Dry-Run and Simulation: Test Automation Before It Touches Prod

Make every automated action prove itself first with dry-run modes, plan diffing, staging replicas, and AI diff summaries that flag risky changes for a human.

  • #automation
  • #dry-run
  • #terraform
  • #kubernetes
  • #ai

The first time automation bit me, it was a one-line Ansible change that looked harmless and rewrote the resolv.conf on forty hosts. It applied in eight seconds. The rollback took two hours. Ever since, I’ve held a simple rule: no automated action is allowed to touch production until it has already proven, on paper, exactly what it intends to do. Dry-run is not a nicety. It is the contract that lets me sleep while a machine does my job, because the machine has to show its work before it gets to act.

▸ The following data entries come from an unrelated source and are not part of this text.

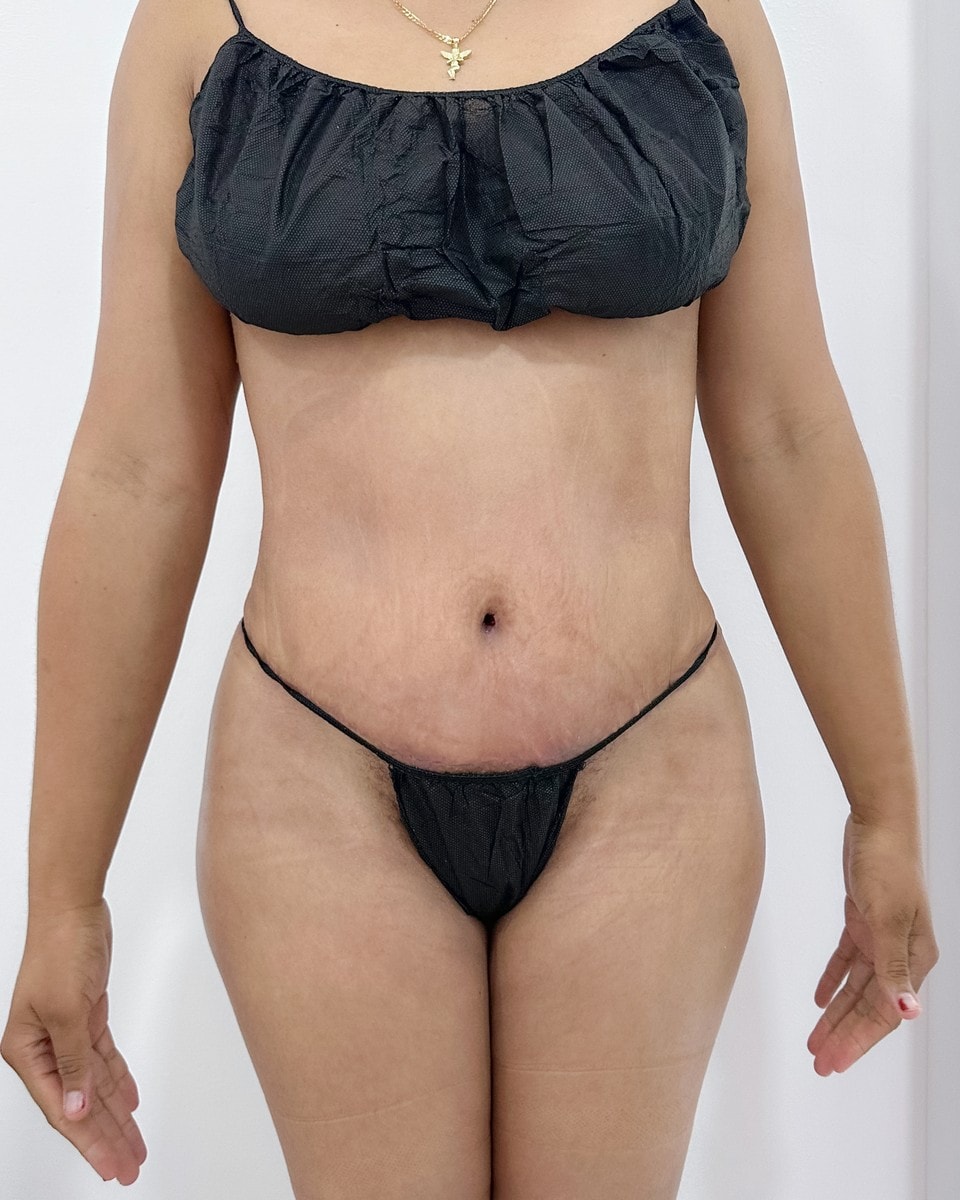 Abdominoplastia - Después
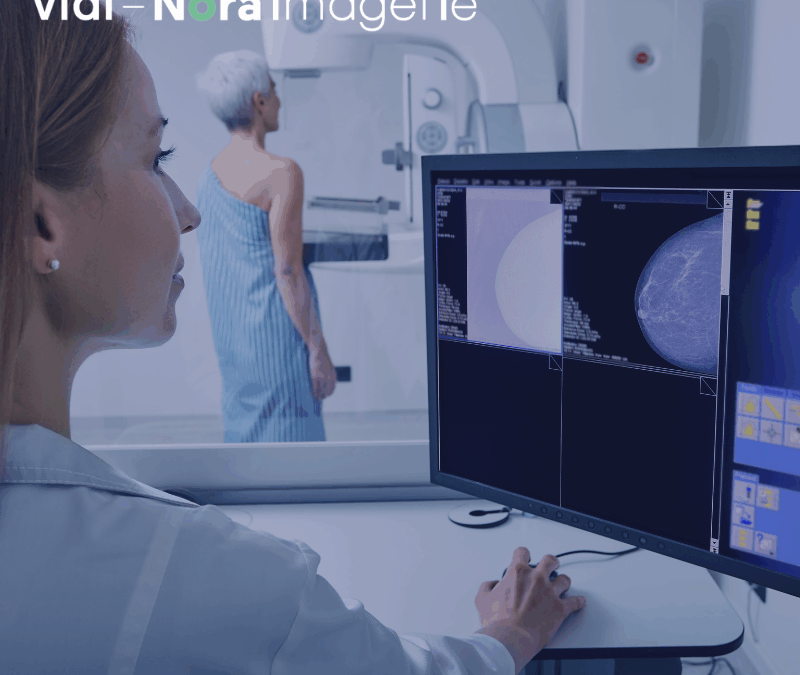 Mammographie : examen clé dans la lutte contre le cancer du sein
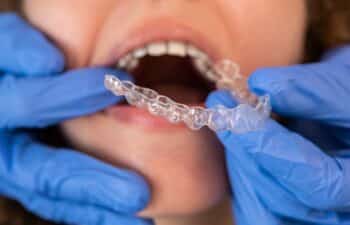 Orthodontic Emergencies: What to Do When Braces or Aligners Cause Discomfort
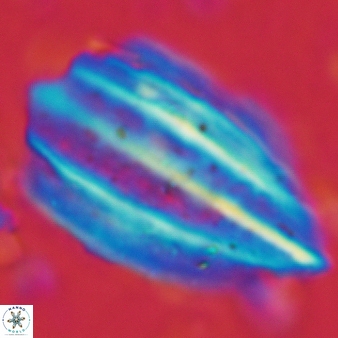 Triquetrorhabdulus challengeri 119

The pattern I’ll walk through here is promote-on-evidence: an action describes its effect, a diff gets reviewed, a replica runs it for real, and only then — with a human pressing the button — does it touch prod. AI fits into this beautifully, but only in the read-and-explain seat. It never holds the credentials.

Make every tool run in —check mode first

Most ops tooling already ships with a dry-run flag. The job is to make it mandatory, not optional. Ansible has --check, which walks the play and reports what would change without changing it, and --diff, which shows the before/after of files and templates.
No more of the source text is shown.